We all seek to improve our wellbeing. This may be intentional or inadvertent. We may feel tired so go to bed – this is looking after our wellbeing equally as much as someone who isn’t necessarily tired but knows they need 7-9 hours. Our ability to thrive in the modern world depends on our ability to be well. Both physical and mental health are important to remaining productive and functioning. It could be about simply losing weight. It could be for other health reasons, for example I suffer from Sleep Apnoea. One way or another we seek to look after ourselves. Over the last year I have really focused more on my own wellbeing (and with lockdown oddly given more opportunity to build into my daily regime). I have reflected below on some of the key areas I have used to improved my own wellbeing:
- Rest is important. Full stop. We tell our children when young that they must go to bed – it’s the time to recharge, to repair and to grow. Yet as adults we quickly sacrifice sleep. Our overall wellbeing depends on rest. We need it to manage the demands of life, more than ever. There are multiple factors that can impact our sleep but I have found some of the following really helps me achieve good rest.
- They say as an adult you should seek to get 7 to 9 hours sleep a night. I seriously bow my head to people who get 9! I have built myself up to a steady 7 hours a night since March 2020 and I feel better for it and more importantly my body does. A routine certainly helps.

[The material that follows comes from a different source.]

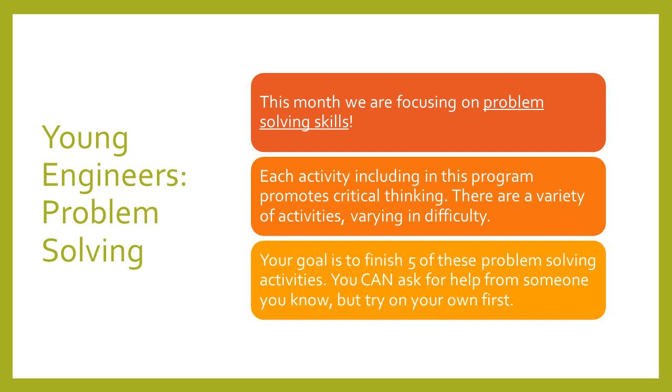There is a variety of activities that you can download, and each activity promotes critical thinking in a different way. This is helping your brains, the neurons in your brains, connect, so that when you have to solve problems in the future, it's much easier to do. The goal is to finish five of the puzzles. You can do all ten if you want, but you don't have to. You can also ask for help, though I would suggest starting by yourself first, so you can work on developing those brain signals, and then when you get stuck, you can ask for help.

- Coupled with this is eating at a sensible time as well. I used to eat when Kate got home from work which could be as late as 10pm. We now eat earlier and if Kate is late she has a supply at work to make sure she eats too.
- I can’t say I notice a difference between if I drink before bed or not (whether coffee or alcohol) but I know for some it does make a difference. Do what works for you.
- Lastly I read before bed. Usually 20-30 minutes to really try and clear my mind and helps avoid blue lights!
- As well as rest though we should stay active. Not just physically but also mentally. By increasing our activity we increase serotonin in the body, ultimately helping to lift our mood, increase our energy levels and motivation. Sounds like a good way to start the day. How do you find the time though? To me it is building into the day so it doesn’t feel like I need to find the time:
- Standing rather than sitting increases our activity level. I alternate between sitting at my desk in the morning and standing in the afternoon.
- Take short walks around the house. Do while on a call even.
- Think about could you hold team meetings on the move? Grab some fresh air while joining a call can be a great way to multi-task (and maybe show the team some of the outside world).
- Lastly though think about your priorities. Some activity may help with energy levels to complete work so starting the day or having a lunch time activity boost may just be what you need.
- Giving back in our own special way. Deep down we all love to give back. This could be as part of a group or individual contribution (like shopping for a neighbour). We often cut these activities if times are busy – I know I have in the past. There is an increase in personal satisfaction by taking part in these activities which naturally has a positive benefit. It is varied what we can do:
- Become a volunteer supporting your local community. Now more than ever people need support so check what is going on and link to your own skills. A community garden, tidying the streets or joining a school Board could be worthwhile investments of time.
- Helping neighbours and others on your street. It could be shopping or with the current weather clearing a drive/road to make it safe.
- Doing something you will enjoy or you will learn from, and ideally both!
- The usual impact on wellbeing (or least for me) is the feeling of being under pressure. This year has certainly made that feeling always be somewhere in the background – with schooling, work and generally supporting my family and friends. In life we need some pressure- but the optimum word is “some”. We have compartments of life and can look at each individually however we also need a holistic view – if each compartment changes/takes on additional elements at once then the combination can be highly pressured.
- A clear first step is taking a look at what we need to versus what we want to do. Is there anything we can remove from the days to-do list that eases the pressure. Sometimes I find asking Kate helps me focus – it can feel like everything needs to be done, but in reality it’s unlikely.
- The points highlighted above will also help us manage pressure better. A well rested individual for example will have more clarity and focus for the day at hand.
- A pause during the day to reflect and take a breather I find also helps focus the mind. Using the Headspace App has really helped me in this manor BUT we each will find our own way.
I think above all a key point is that we are not alone and social contact and interaction throughout our days is key. These can be personal or professional contacts. Think about calling a friend – checking in and sharing what you are up to. You can at the moment walk with another person so a perfect opportunity to catch up and share.
Now more than ever we need to look after ourselves. We need to take the time, or more MAKE the time as we are no use to others if we don’t look after ourselves. As human beings, people love doing stuff. We go to work, have hobbies, socialise and become adept multi-taskers trying to fit everything into the day. So why not make some of that time to do something for yourself.